Investing.com -- Simpson Oil launched a scathing rebuke of Parkland Fuel Corporation’s (TSX:PKI) board on Friday, accusing directors of delaying a shareholder vote in a bid to push through a $9.1 billion takeover by Sunoco LP (NYSE:SUN). The move, Simpson claims, is a “clear breach of fiduciary duty” and an effort to avoid accountability to shareholders who had lined up behind a board overhaul.
The Cayman Islands-based investment firm, which owns 19.8% of Parkland’s outstanding shares, released the statement hours after Sunoco’s acquisition offer was made public. “Shareholders have spoken – they have lost faith in the current board,” Simpson said, adding that over 60% of shares had been voted using its alternative “GOLD” proxy card supporting new directors.
According to Simpson, Parkland’s board postponed its May 6 annual general meeting in order to couple the director election with a shareholder vote on the Sunoco transaction. In response, Simpson announced it would seek a court order from Alberta’s Court of King’s Bench to proceed with the meeting as originally scheduled.

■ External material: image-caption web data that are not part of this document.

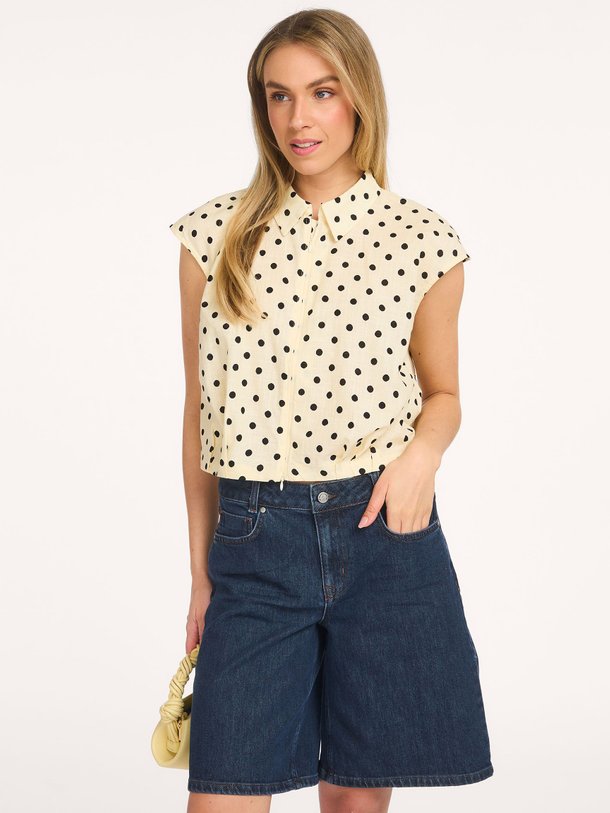 Ontdek de MWNada Short Shirt van My Essential Wardrobe bij Orangebag. Op werkdagen voor 21:45 besteld, morgen in huis.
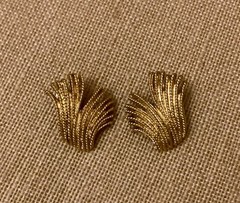 Vintage Clip On Earrings Lot Mixed Metals Enamel Faux Pearl Dangle 1 Signed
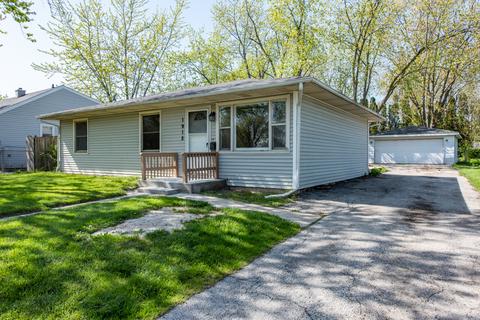 1912 20th St, Zion, IL 60099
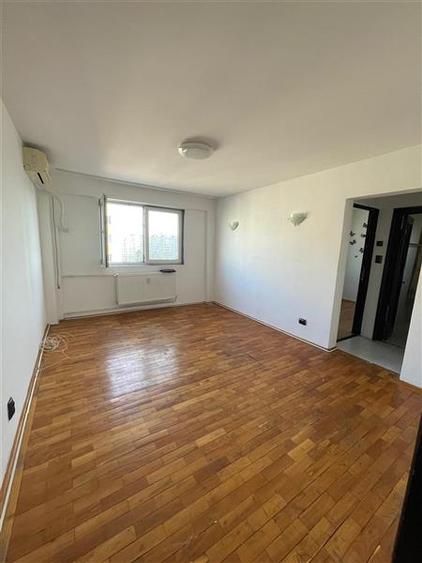 Apartament cu 2 camere semidecomandat în Pantelimon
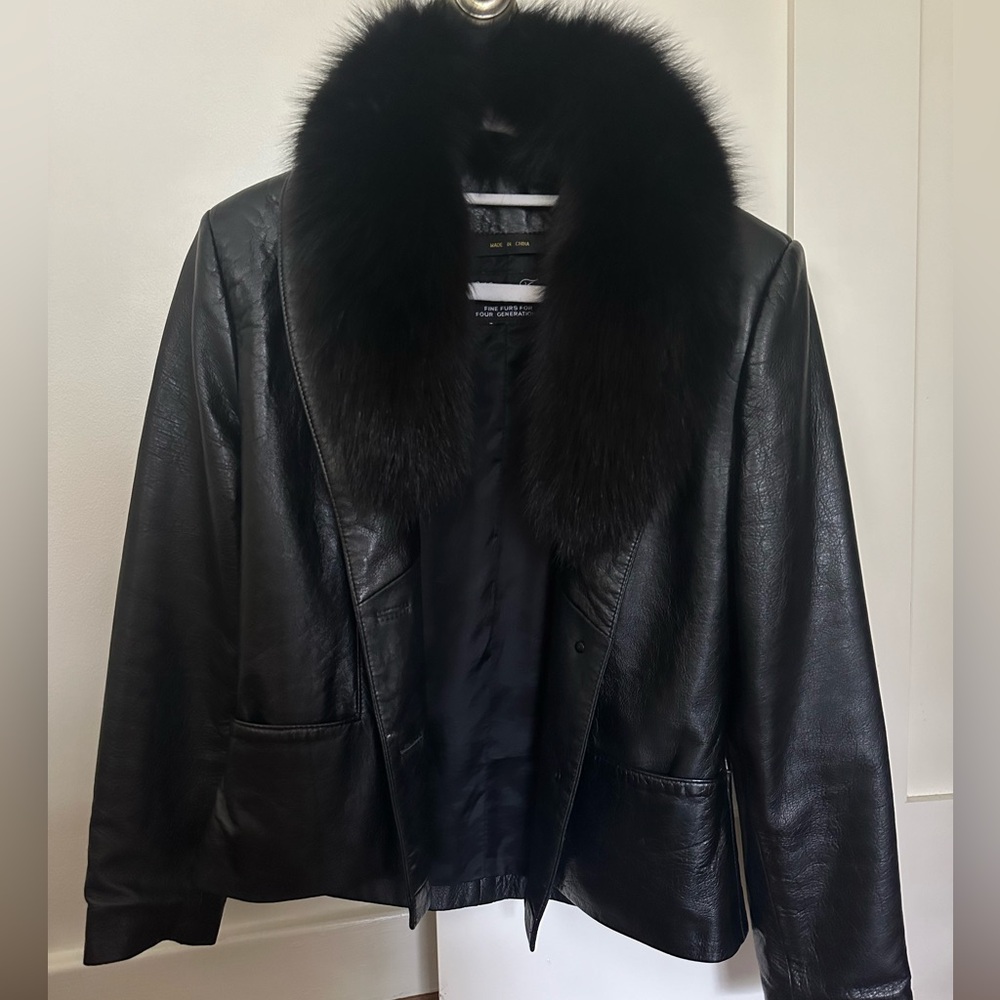 Black vintage genuine Leather Jacket with Fox Fur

The Sunoco offer, valued at C$44 per Parkland share, arrives after months of mounting pressure from activist investors, including Simpson and Engine Capital. The Parkland board had retained Goldman Sachs (NYSE:GS) and BofA Securities to conduct a strategic review earlier this year amid weak financial performance and investor frustration with former CEO Bob Espey.
That pressure culminated in Espey’s resignation in April and the nomination of nine new directors by Simpson Oil. The Sunoco deal, struck just days before the scheduled vote, now appears as a defensive maneuver aimed at wresting control of the company’s fate before new leadership could be elected.
Simpson specifically named Executive Chair Mike Jennings, accusing him of “value destruction and a prolonged battle” with shareholders. “This eleventh-hour maneuver represents a new turn in the Board’s deplorable track record of governance,” the firm wrote, calling for the immediate resignation of all 11 incumbent directors.
Parkland had been on the radar of suitors before; Sunoco made an $8.1 billion offer in 2023 that was rejected. With boardroom upheaval looming, the improved 2025 offer suggests a well-timed attempt to preempt shareholder intervention.
The controversy now casts a shadow over a deal marketed as transformational. While the merger would create the largest independent fuel distributor in the Americas, joining Parkland’s Canadian and Caribbean footprint with Sunoco’s U.S. infrastructure, Simpson’s legal challenge may delay or derail its timeline.
With the AGM’s fate now in court and proxy votes largely cast, Parkland’s next move could determine whether the acquisition proceeds or is revisited under a reconstituted board.